__WORK INSTRUCTION__. Below are the records. Retype exactly the lines between the lines holding "Industrial equipment for" and "Imagen general del", inclusive.
(EXERCISE INPUTS)
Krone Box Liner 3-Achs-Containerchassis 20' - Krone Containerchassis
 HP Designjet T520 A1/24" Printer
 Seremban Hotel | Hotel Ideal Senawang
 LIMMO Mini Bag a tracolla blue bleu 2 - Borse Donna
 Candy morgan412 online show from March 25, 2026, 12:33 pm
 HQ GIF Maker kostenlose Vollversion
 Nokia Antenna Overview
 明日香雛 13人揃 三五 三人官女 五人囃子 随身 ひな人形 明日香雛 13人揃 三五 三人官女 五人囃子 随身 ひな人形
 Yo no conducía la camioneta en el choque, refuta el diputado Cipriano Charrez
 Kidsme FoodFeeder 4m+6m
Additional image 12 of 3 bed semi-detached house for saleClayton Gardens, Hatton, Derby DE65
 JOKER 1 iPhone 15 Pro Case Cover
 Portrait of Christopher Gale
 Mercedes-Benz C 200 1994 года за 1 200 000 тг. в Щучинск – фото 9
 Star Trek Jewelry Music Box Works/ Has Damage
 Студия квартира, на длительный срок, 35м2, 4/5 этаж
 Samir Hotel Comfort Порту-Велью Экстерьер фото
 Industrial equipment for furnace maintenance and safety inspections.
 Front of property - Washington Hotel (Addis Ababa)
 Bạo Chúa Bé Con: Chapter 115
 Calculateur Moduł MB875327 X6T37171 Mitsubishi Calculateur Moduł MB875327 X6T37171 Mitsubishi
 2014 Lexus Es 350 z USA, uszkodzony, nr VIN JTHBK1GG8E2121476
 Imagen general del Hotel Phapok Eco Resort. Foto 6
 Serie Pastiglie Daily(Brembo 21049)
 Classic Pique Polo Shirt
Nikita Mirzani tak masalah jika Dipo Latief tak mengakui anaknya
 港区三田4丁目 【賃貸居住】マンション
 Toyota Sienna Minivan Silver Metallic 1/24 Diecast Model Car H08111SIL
(End EXERCISE INPUTS)
__EXERCISE RESPONSE__.
 Industrial equipment for furnace maintenance and safety inspections.
 Front of property - Washington Hotel (Addis Ababa)
 Bạo Chúa Bé Con: Chapter 115
 Calculateur Moduł MB875327 X6T37171 Mitsubishi Calculateur Moduł MB875327 X6T37171 Mitsubishi
 2014 Lexus Es 350 z USA, uszkodzony, nr VIN JTHBK1GG8E2121476
 Imagen general del Hotel Phapok Eco Resort. Foto 6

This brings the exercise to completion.